◆ THE DATA:
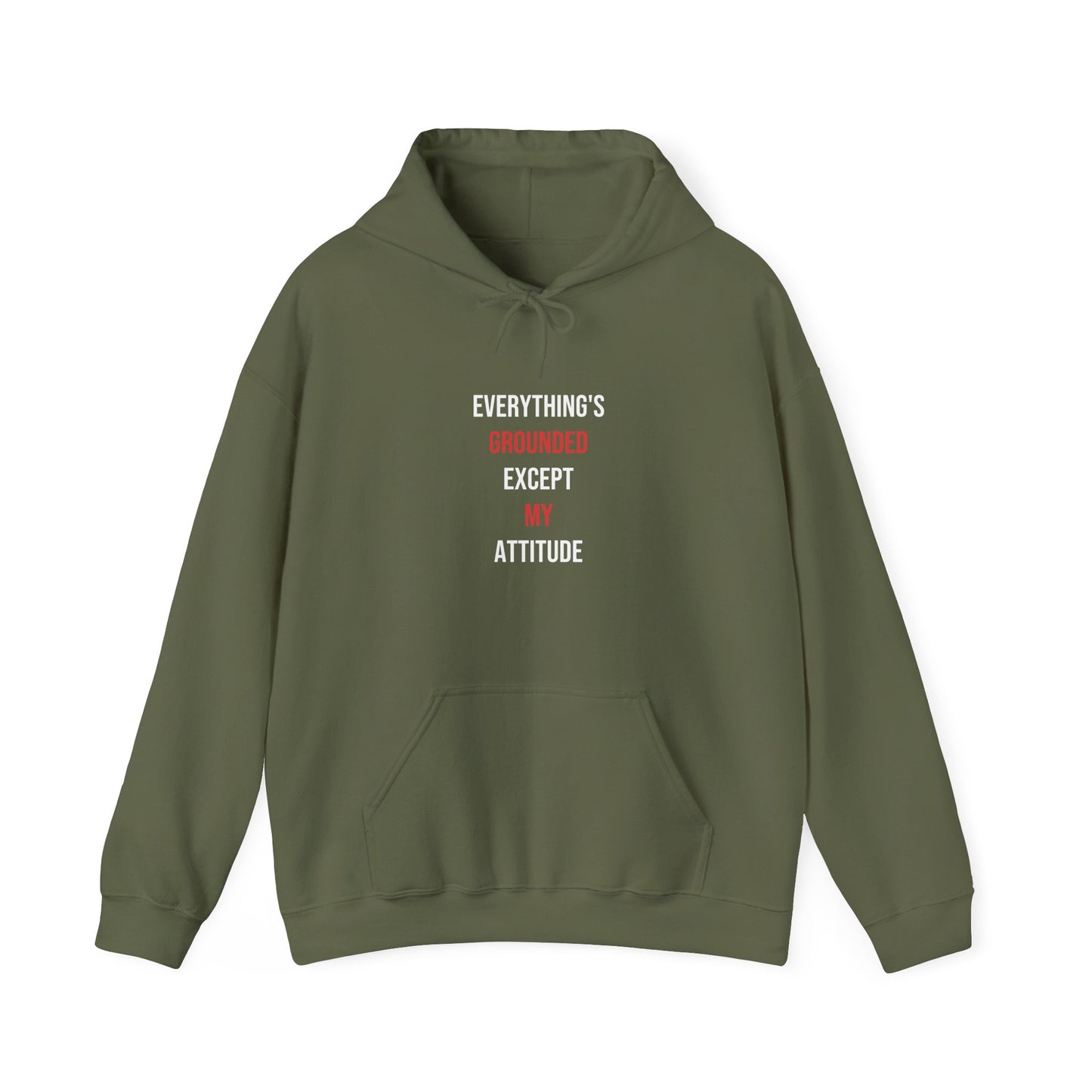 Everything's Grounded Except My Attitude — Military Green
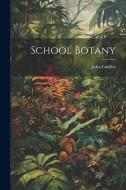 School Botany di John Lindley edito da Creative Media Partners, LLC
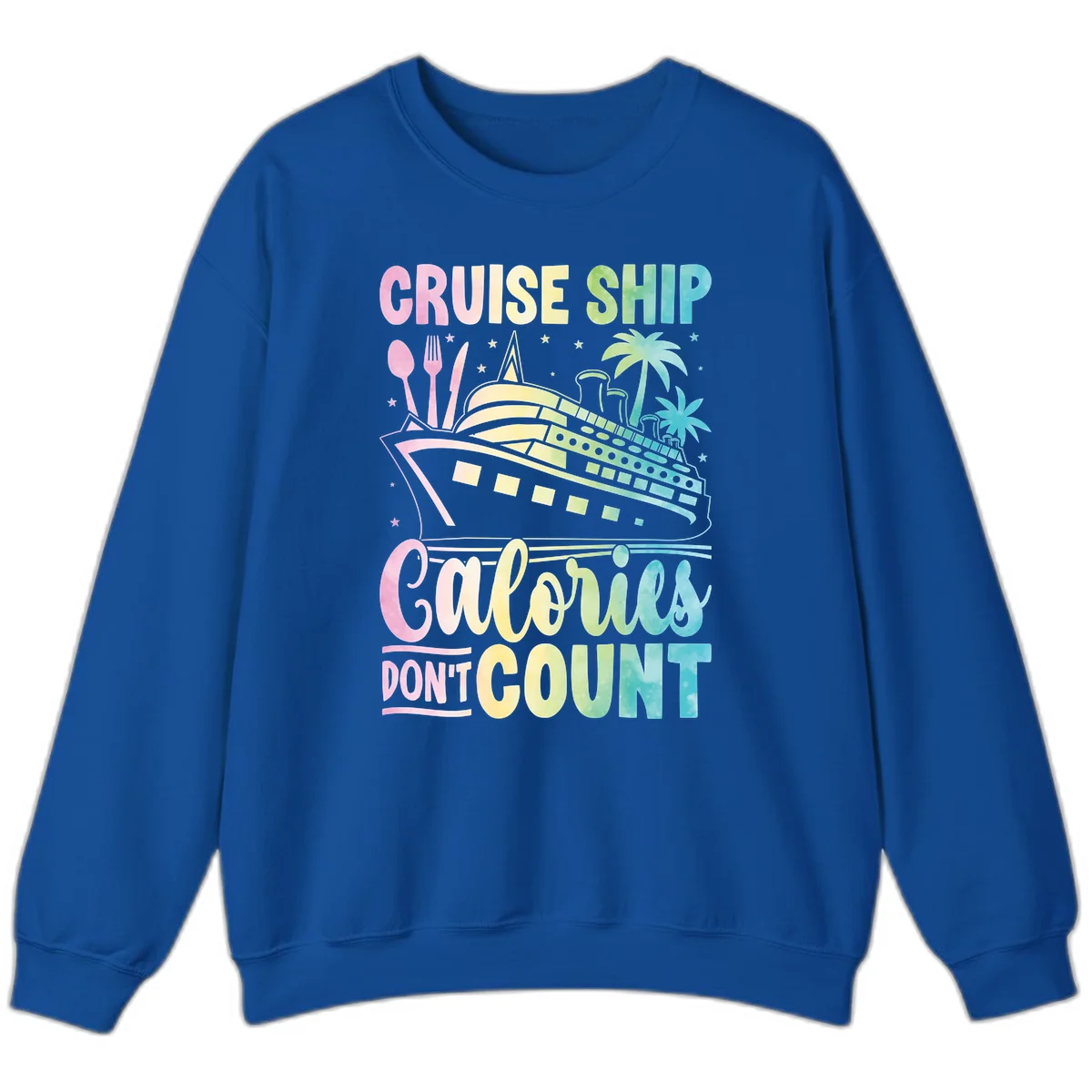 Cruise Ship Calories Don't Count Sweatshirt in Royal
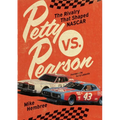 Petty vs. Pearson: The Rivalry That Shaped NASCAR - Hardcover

◆ WORK ORDER: Nothing but the lines from the one containing "Cruise Ship Calories" through the last line of the listing should be copied, each word for word and without pictures.

◆ ANSWER BOX:
 Cruise Ship Calories Don't Count Sweatshirt in Royal
 Petty vs. Pearson: The Rivalry That Shaped NASCAR - Hardcover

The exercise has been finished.